§ Work order
Return, exactly and in full, the lines of the records below starting at the one with "Have a look" and ending at the one with "That was everything", and no other lines.

§ Source data

------

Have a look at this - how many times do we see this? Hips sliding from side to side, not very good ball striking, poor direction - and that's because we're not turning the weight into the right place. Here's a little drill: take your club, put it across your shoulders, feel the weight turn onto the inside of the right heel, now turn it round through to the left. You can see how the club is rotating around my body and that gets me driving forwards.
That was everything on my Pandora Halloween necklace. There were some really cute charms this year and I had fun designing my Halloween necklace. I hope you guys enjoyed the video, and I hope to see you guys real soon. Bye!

------

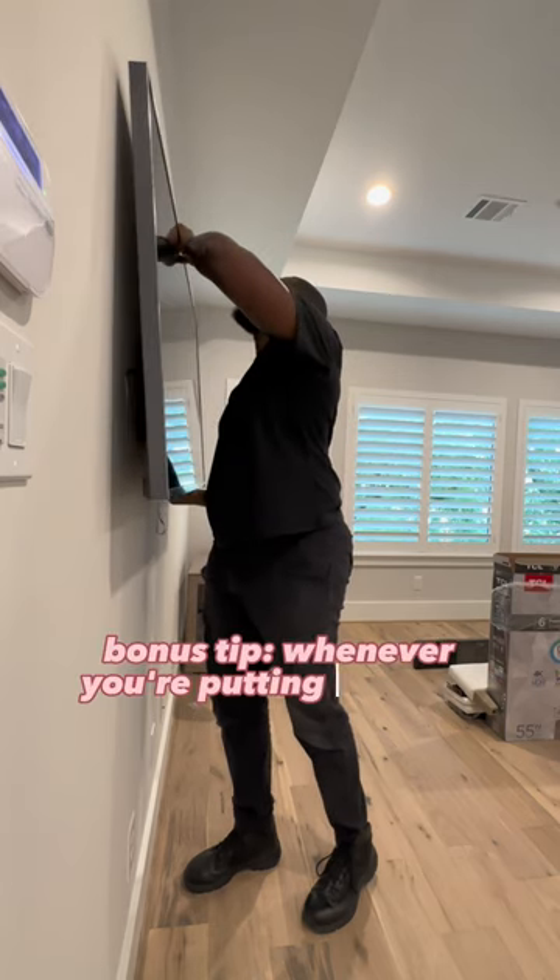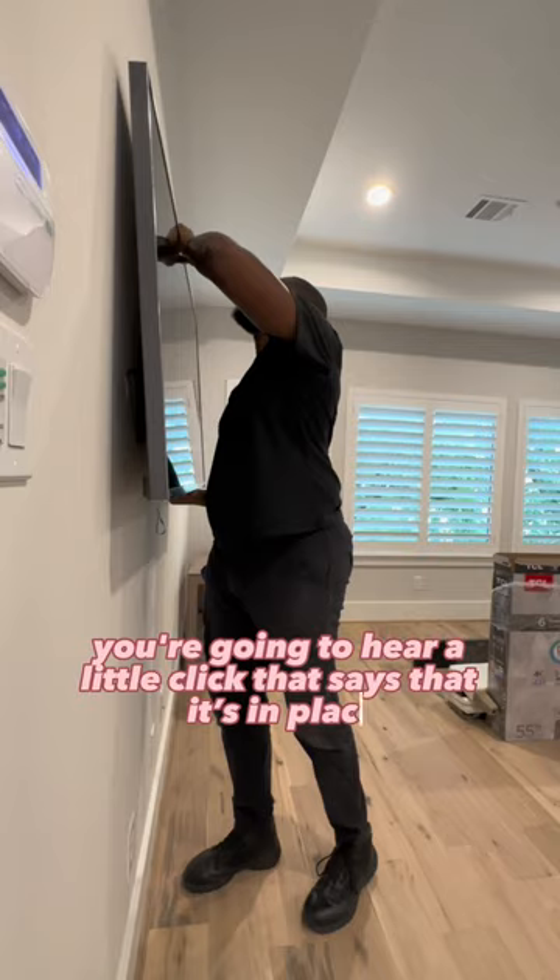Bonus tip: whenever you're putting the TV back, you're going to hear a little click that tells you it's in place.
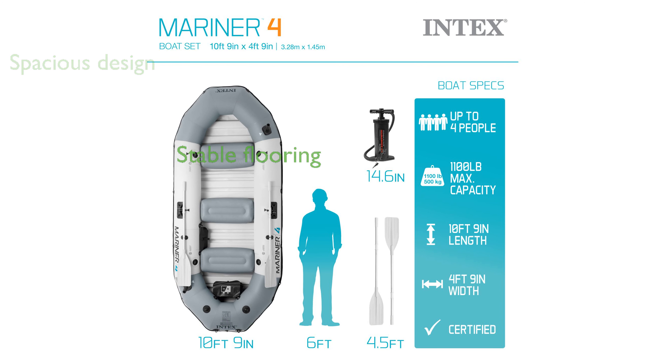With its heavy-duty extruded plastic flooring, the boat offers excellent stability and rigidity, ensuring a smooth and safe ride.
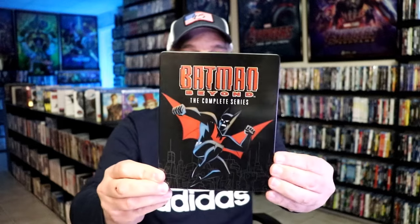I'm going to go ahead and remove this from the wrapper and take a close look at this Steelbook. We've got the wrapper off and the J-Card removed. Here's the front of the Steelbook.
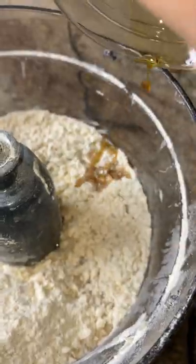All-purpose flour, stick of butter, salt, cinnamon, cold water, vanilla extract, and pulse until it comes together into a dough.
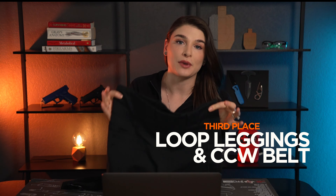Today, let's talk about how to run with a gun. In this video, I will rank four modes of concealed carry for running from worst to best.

------

§ Answer box
Have a look at this - how many times do we see this? Hips sliding from side to side, not very good ball striking, poor direction - and that's because we're not turning the weight into the right place. Here's a little drill: take your club, put it across your shoulders, feel the weight turn onto the inside of the right heel, now turn it round through to the left. You can see how the club is rotating around my body and that gets me driving forwards.
That was everything on my Pandora Halloween necklace. There were some really cute charms this year and I had fun designing my Halloween necklace. I hope you guys enjoyed the video, and I hope to see you guys real soon. Bye!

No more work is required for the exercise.